We have a new name! Browserbear is now Roborabbit

How to Scrape Data from a Website Using Roborabbit (Part 2)

In this article, we will discuss the advanced techniques for web scraping with Browserbear. Building upon the basic understanding of web scraping introduced in Part 1 of the tutorial, we will show you how to scrape more information using the data that we got from the previous task.
by Josephine Loo · · Updated

Contents

    In How to Scrape Data from a Website UsingRoborabbit(Part 1), we have introduced Roborabbit as a powerful browser automation tool and showed you how to set up a Roborabbit task to scrape data from a website.

    Now that you have a basic understanding of web scraping using Roborabbit, it's time to dive deeper into its capabilities. In this article, we will focus on more advanced techniques for scraping data from websites, which include using the data from one task to override the configuration of another task and combining the results of the two tasks.

    We will use the same task from Part 1 to scrape the links and other information from the job board, and then go to the link of each job to scrape more information about the particular job.

    job board with the first job highlighted the details of a job from the job board

    If you're ready to take your web scraping skills to the next level, let's get started with Part 2 of our Roborabbit web scraping tutorial!
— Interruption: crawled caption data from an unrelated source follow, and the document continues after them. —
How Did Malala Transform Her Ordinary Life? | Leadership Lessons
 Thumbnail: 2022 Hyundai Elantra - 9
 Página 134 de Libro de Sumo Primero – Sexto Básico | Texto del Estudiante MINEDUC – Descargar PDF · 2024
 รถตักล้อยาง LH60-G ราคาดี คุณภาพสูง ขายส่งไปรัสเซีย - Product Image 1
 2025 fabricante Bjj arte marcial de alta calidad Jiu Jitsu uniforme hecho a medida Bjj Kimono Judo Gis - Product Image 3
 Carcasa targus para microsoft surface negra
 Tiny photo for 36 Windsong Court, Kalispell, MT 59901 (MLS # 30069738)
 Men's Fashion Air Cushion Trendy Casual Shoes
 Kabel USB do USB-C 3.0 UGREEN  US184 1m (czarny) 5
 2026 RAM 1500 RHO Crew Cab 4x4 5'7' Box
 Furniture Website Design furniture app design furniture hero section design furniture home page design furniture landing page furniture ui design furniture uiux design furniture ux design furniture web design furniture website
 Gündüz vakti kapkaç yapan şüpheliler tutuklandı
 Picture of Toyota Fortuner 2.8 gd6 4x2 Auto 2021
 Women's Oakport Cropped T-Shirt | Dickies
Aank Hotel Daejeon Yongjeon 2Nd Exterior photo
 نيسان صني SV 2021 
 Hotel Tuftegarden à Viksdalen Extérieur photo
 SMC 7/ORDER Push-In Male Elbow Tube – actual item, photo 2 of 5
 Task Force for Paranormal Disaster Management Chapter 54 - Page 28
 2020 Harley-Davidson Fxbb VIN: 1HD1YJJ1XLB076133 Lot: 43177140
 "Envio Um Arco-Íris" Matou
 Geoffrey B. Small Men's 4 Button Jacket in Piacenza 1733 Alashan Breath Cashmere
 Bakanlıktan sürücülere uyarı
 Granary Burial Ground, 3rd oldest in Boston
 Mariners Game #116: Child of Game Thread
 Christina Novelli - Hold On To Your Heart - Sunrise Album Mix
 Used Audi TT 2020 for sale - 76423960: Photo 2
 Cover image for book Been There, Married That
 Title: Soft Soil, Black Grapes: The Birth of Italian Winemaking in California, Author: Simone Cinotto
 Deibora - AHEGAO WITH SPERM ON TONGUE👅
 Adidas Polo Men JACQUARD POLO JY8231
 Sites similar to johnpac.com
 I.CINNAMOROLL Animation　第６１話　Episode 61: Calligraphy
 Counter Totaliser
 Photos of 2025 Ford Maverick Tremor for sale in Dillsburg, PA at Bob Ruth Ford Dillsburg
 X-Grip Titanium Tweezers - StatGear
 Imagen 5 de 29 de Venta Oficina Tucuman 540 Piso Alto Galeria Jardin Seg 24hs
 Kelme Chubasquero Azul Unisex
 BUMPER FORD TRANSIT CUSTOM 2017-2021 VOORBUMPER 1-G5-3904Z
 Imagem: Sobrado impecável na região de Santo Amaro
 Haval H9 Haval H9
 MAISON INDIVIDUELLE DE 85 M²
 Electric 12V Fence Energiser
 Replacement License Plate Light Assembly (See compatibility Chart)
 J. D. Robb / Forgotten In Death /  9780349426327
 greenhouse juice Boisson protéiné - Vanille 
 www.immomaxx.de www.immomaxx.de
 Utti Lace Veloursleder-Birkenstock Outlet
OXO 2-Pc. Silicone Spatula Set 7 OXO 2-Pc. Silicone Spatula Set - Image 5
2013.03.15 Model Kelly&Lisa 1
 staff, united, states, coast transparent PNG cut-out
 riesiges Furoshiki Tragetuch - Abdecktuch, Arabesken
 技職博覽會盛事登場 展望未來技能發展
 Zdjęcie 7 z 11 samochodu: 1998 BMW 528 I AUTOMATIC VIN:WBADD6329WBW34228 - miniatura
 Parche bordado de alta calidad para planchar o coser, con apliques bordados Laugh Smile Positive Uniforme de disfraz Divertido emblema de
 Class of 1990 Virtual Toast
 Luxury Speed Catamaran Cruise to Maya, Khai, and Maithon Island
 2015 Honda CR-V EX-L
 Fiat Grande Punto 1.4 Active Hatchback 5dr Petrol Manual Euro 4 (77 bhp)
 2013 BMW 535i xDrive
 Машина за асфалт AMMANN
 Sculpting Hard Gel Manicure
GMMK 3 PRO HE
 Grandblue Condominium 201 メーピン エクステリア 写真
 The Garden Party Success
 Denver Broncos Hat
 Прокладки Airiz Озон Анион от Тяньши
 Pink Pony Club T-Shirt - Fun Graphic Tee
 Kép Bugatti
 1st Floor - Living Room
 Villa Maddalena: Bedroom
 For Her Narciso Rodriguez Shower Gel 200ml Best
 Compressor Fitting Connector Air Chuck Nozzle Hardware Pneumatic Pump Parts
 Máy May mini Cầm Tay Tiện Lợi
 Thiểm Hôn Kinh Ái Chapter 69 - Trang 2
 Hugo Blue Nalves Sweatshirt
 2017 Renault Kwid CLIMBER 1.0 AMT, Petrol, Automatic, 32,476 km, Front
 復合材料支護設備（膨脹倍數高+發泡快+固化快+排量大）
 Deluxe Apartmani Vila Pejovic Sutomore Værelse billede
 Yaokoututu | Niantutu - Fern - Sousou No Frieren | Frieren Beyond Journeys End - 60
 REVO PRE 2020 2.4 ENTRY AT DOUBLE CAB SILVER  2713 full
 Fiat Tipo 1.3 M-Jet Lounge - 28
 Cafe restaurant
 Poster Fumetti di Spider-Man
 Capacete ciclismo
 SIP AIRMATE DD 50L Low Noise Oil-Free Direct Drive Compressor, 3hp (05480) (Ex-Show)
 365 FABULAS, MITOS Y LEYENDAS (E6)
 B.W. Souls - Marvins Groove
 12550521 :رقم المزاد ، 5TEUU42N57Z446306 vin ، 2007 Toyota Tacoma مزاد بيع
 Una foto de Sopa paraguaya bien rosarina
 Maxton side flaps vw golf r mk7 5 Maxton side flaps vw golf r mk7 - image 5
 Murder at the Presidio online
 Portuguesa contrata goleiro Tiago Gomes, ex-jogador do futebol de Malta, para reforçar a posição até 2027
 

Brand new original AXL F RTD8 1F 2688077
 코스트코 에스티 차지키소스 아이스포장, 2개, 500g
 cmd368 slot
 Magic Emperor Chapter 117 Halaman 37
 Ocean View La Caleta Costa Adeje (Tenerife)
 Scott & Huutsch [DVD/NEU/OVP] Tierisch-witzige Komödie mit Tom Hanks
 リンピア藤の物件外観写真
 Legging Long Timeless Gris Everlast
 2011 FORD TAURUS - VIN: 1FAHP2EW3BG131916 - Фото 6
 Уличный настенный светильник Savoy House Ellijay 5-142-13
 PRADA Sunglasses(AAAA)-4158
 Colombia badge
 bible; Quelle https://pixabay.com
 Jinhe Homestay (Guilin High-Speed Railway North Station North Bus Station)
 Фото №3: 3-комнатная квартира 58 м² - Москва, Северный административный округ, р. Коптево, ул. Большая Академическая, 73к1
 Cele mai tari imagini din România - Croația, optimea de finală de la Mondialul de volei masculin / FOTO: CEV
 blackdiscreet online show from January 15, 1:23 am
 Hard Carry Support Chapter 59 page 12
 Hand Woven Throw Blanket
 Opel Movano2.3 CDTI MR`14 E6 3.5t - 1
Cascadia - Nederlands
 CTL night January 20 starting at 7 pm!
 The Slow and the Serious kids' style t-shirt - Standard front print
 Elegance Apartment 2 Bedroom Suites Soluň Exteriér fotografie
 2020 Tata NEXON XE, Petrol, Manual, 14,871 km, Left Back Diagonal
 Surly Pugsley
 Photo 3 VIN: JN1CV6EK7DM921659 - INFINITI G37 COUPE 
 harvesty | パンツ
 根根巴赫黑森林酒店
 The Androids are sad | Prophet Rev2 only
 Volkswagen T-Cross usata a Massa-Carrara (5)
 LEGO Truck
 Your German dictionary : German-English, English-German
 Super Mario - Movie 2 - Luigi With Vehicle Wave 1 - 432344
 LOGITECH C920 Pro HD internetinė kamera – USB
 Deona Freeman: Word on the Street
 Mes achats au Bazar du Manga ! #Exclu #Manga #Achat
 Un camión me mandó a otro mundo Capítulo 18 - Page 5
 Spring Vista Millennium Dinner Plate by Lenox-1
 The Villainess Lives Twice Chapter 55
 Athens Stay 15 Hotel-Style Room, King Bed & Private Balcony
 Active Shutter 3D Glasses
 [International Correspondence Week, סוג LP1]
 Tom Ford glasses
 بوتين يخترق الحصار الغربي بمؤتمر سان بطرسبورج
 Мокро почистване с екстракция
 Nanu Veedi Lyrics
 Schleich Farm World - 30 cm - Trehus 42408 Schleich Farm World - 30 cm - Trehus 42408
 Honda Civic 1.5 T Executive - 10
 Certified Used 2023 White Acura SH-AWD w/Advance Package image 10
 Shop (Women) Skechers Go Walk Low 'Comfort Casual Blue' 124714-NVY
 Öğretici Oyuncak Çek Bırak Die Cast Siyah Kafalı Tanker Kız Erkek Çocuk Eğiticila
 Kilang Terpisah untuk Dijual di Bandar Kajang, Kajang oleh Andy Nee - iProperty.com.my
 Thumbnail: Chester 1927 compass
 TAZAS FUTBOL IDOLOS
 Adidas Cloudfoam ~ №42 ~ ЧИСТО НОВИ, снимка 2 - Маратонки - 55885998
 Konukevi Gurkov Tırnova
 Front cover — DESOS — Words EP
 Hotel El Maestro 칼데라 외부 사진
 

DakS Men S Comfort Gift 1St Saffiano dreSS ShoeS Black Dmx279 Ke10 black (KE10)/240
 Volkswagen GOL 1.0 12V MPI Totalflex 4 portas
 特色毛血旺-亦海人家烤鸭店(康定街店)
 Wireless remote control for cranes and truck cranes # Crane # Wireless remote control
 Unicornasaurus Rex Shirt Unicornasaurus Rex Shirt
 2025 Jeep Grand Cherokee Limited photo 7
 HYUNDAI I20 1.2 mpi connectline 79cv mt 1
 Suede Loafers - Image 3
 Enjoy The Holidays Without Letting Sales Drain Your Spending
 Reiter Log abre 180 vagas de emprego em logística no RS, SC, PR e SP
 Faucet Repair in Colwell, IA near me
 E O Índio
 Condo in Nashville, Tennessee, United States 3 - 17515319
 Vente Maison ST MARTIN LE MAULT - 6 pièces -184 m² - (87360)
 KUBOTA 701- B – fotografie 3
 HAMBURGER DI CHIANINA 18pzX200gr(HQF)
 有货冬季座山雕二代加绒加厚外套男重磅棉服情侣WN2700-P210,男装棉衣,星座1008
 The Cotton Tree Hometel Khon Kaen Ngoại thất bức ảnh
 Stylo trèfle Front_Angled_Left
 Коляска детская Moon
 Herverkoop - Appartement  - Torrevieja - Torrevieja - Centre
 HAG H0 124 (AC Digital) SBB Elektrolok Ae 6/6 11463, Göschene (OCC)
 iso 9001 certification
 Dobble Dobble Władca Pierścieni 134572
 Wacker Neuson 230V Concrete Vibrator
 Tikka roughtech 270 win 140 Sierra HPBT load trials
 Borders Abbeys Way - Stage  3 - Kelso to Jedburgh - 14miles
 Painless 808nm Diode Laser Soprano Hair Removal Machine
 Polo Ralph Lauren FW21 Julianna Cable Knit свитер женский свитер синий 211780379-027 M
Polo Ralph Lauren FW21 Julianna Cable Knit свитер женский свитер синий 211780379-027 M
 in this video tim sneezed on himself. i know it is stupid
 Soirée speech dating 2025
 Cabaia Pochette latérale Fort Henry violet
    Creating a Roborabbit Task

    The task from Part 1 will scrape the job title, company, location, salary, and link to the job from the job board. To scrape more information about the job when you click on the job title, we will need to create a new task that will go to the job's URL and save the information as structured data.

    The steps will be similar to the previous task except that the data selected will be different. We will also override the original URL when we call the API to run the task.

    Step 1. Create a Task

    After logging in to your account, go to Tasks and create a new task.

    create a task

    Step 2. Enter the Starting URL

    Enter the starting URL for your task and click the “Save” button.

    The "Go" action will be automatically added as the first step of the task to visit the starting URL:

    To scrape the detailed information from other jobs on the job board, we will reuse this step to visit multiple different URLs.

    We can do this by sending the "Go" step's configuration with a new URL in the request body every time we call the API. This will override the original URL.

    override the "Go" step

    Step 3. Add Steps - Save Structured Data

    For this task, we will save the type, role, number of applicants, and the title and description of the job detail. Follow the same steps from Part 1 to select the data using the RoborabbitHelper Chrome extension.

    the data that we want to scrape from the job details page

    Check the selected data in the preview panel and click the “Save” button to save the step.

    preview the data selected

    Step 4. Run the Task

    Click “Run Task” to test the data scraping task. You will see the task running when you scroll to the bottom of the page.

    the task is running

    Step 5. View the Log/Result

    When the task has finished, you can click on the “Log” button to view the result.

    the task has finished running successfully

    You should only have one object in the result array of the “Save Structured Data” step:

    the data shown in the run's log

    Now that the task can be run successfully, we can write code to run the first task and then visit the scraped links to scrape more information using this task.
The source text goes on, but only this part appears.